Rosewell est d'accord: "Ils ont introduit la concurrence et la tension entre des composants de cette industrie qui étaient auparavant des alliés." Elle soutient que Bookshop.org «oppose l'achat de livres indépendants à Waterstones comme l'autre présence de la rue principale – ce qui semble contre-productif si l'intention est vraiment de faire une brèche dans les ventes d'Amazon. Nous pensons qu'il y a de la place pour nous deux sur le marché et nous n'avons aucune envie de voir nos collègues libraires encore plus endommagés dans une situation économique déjà extrêmement difficile.

***

Vanderbilt a déclaré que Bookshop.org n'avait pas dépensé d'argent en marketing.

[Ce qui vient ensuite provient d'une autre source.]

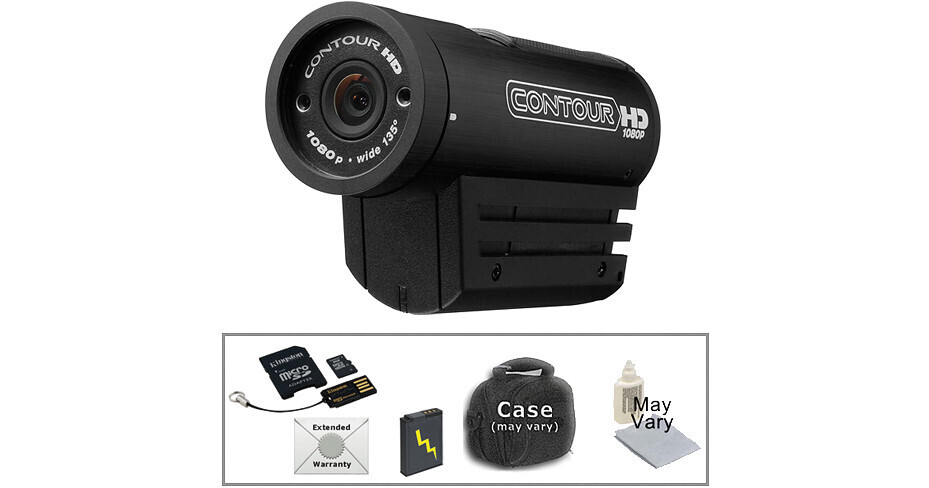 Contourhd 1080p Helmet Camera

La nouvelle de son lancement a beaucoup voyagé sur les réseaux sociaux, encouragée par de nombreux articles positifs et le soutien des grandes maisons d'édition. Pourtant, cette culture de célébration unanime et non critique – Rosewell l'a qualifiée d '«évangélique» – a laissé certains libraires nerveux à l'idée de remettre en question Bookshop.org

Quand Célestine a exprimé certaines de ses préoccupations à propos de Bookshop.org sur Twitter le mois dernier, elle a estimé que la réponse des partisans de Bookshop.org était «agressive». Après quelques recherches, Jules Button de Woodbridge Emporium a décidé de ne pas utiliser Bookshop.org, mais elle ne s'est pas sentie en mesure d'exprimer publiquement ses critiques.

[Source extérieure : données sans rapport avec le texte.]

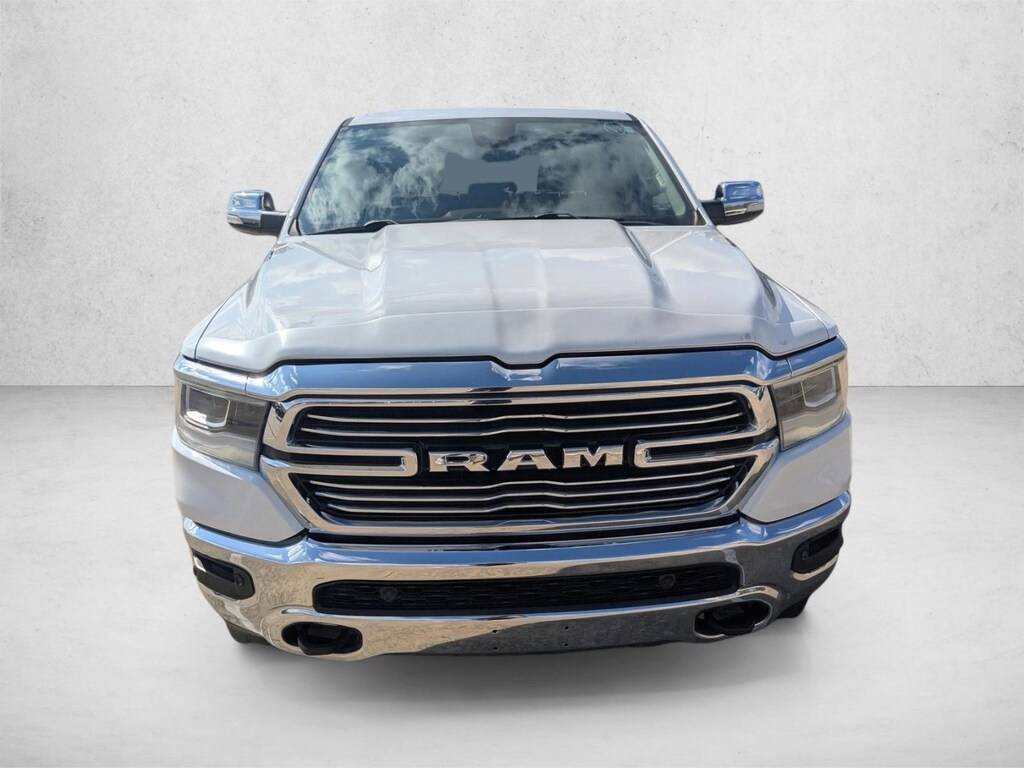 Used 2020 Ram 1500 Laramie Crew Cab Pickup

«C’est difficile quand vous avez des gens à des postes importants dans l’industrie du livre qui sont vraiment, vraiment derrière cela», dit-elle. "C’est effrayant. Je ne veux pas les déranger." Rosewell était d'accord: «Les libraires qui ont des doutes se sentent en quelque sorte hérétiques».

Il est compréhensible que les amateurs de livres, désireux de trouver une «alternative éthique» à Amazon, se soient empressés de célébrer publiquement l'arrivée de Bookshop.org. Mais ce faisant, beaucoup ont oublié de demander aux librairies indépendantes comment elles pensent pouvoir être soutenues au mieux. «Je veux vraiment que les gens achètent dans leur librairie locale», a déclaré Célestine. «Ils reçoivent plus d'argent de cette façon.»

«Direct est le meilleur», a déclaré Smith. «Ensuite, les clients peuvent bénéficier d'une conversation avec un libraire. Nous allons au-delà d'un moteur de recherche et y installons un libraire humain – c'est assez important. "



Source link

Pourquoi composer une boutique en ligne ?

Un position e-commerce donne l’occasion de se lancer à moindres frais pendant rapport aux entreprises classiques. De plus, vous pouvez vous lancer bien plus rapidement. La gérance d’un rang commerce électronique ne demande pas de présence physique à un endroit précis, sauf peut-être quant à stockage et la préparation des commandes que vous avez la possibilité tout à fait externaliser, mais aussi mieux dans l’hypothèse ou vous ne possédez pas de stock (on en parlera plus tardivement dans l’article).